The thing is I still wonder.....


----------



## globalfish (25 Jan 2009)

A badger nearly took me out as I went down a steep gradient one night. Luckily i spotted it with the Hope HID but was still a bit close for comfort. Those frosty nights when everything is sparkling make it worthwhile cycling off-road at night.
But who's eyes are they in the bushes? What's that spooky sound? Yikes, I'm outta here...Ha ha ha


----------



## wyno70 (27 Jan 2009)

Friday night was an eventful one, a puncture in the middle of Epping forest in pitch black was interesting, get it fixed, on my way, then hurtling down a steep hill that I know well but it was slippier than usual due to the rain, all of a sudden 4 Roe deer jump out about 25 yards in front of me, I couldn't really do alot because of my speed and the mud (yes stupid I know) any avoidance tactics would have put me deep into the trees. Luckily for me the last one hopped out the way just a I was bracing myself, missed it by about 3 feet. Needless to say the brown stuff on my shorts wasn't mud!!!! As if that wasn't enough, I'd just got to the top of a very big hill, sat back in the seat and relaxed a bit, as you do and some bloke stepped out of the bushes and shouted boo at me. What the **** he was doing there I don't know but I didn't hang around to find out!!!!
That was my adrenaline fix for the weekend sorted!
I'm thinking maybe a cycling buddy would be a good idea for forest night rides in future!!!!


----------



## Globalti (30 Jan 2009)

One night a couple of years back we came a cross a bunch of quite young girls in a wood, who were all very evidently drunk as skunks. A bit of banter followed but they were so abusively stupid that we didn't hang around. I couldn't help wondering aloud who would get the blame if one of those girls got assaulted....


----------



## Panter (30 Jan 2009)

We've just moved premises at work and I did my first commute this week.

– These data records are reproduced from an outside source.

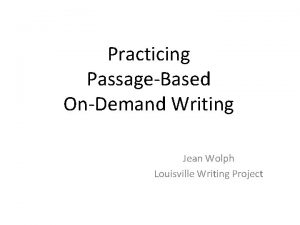 Practicing PassageBased OnDemand Writing Jean Wolph Louisville Writing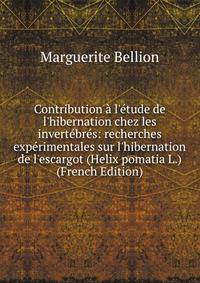 Contribution ? l'?tude de l'hibernation chez les invert?br?s: recherches exp?rimentales sur l'hibernation de l'escargot (Helix pomatia L.) (French Edition)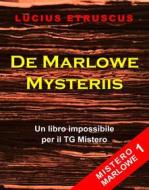 Ebook De Marlowe Mysteriis (Mistero Marlowe 1) di Lucius Etruscus edito da Lucius Etruscus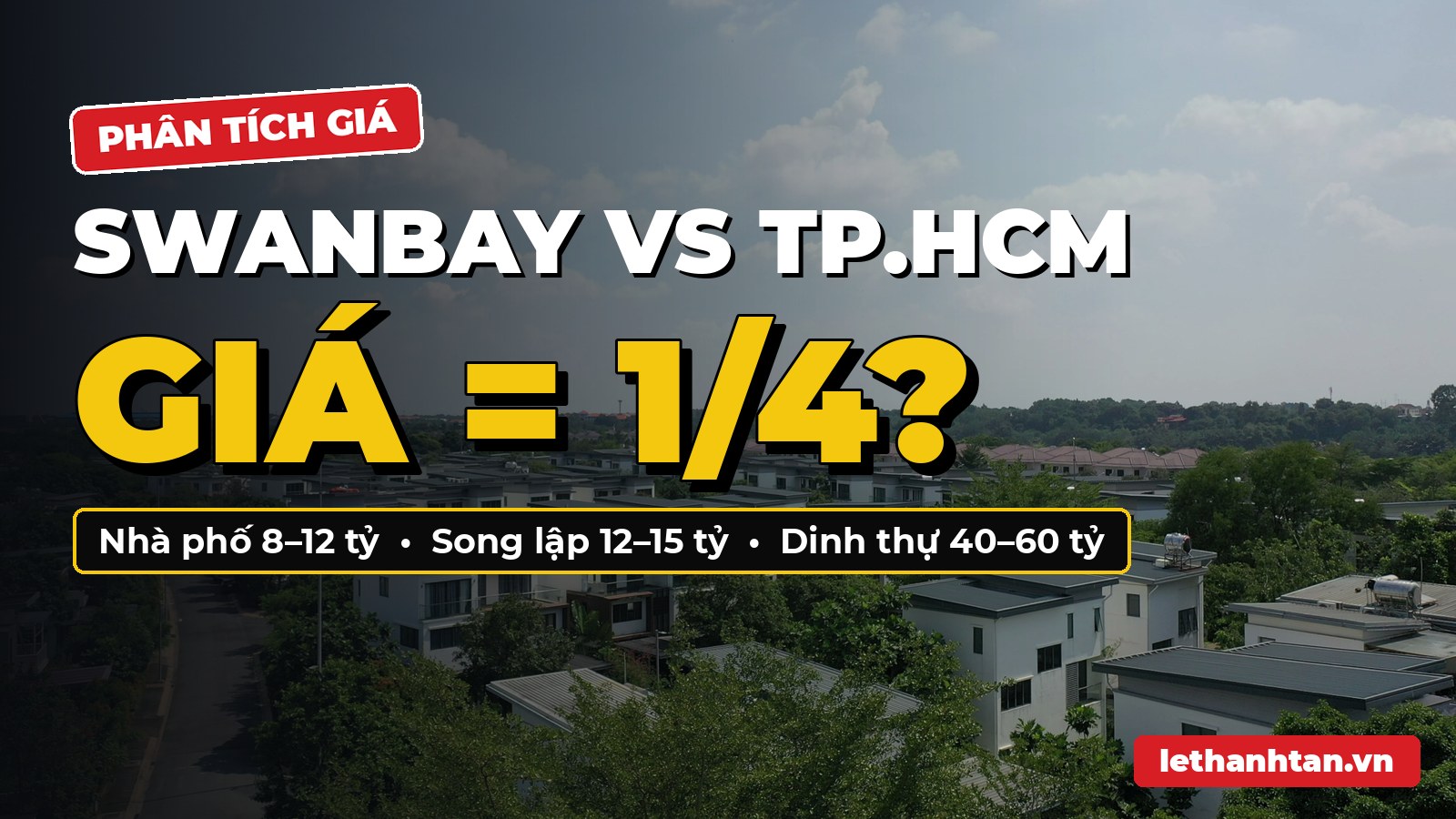 Giá Swanbay so với TP.HCM: Cùng diện tích, nhà phố rẻ gần một nửa, dinh thự chỉ khoảng 1/4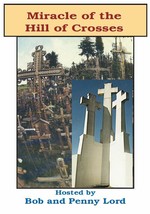 Miracle of the Hill of Crosses DVD by Bob & Penny Lord, New - £9.34 GBP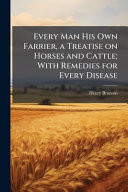Every Man His Own Farrier, a Treatise on Horses and Cattle; With Remedies for Every Disease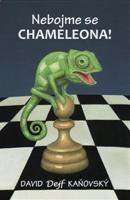 Nebojme se chameleona! - David Dejf Kaňovský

Ok, so it was on the road and doesn't really apply in the same way but one of the roads I take is very narrow and twisty as it winds over the North Downs ands ends up passing through some very dark woods.

The weird crashing and screeching noises coupled with my slight target fixation, trying to focus on the intense beam of my light in the mist did wonders for my cadence


----------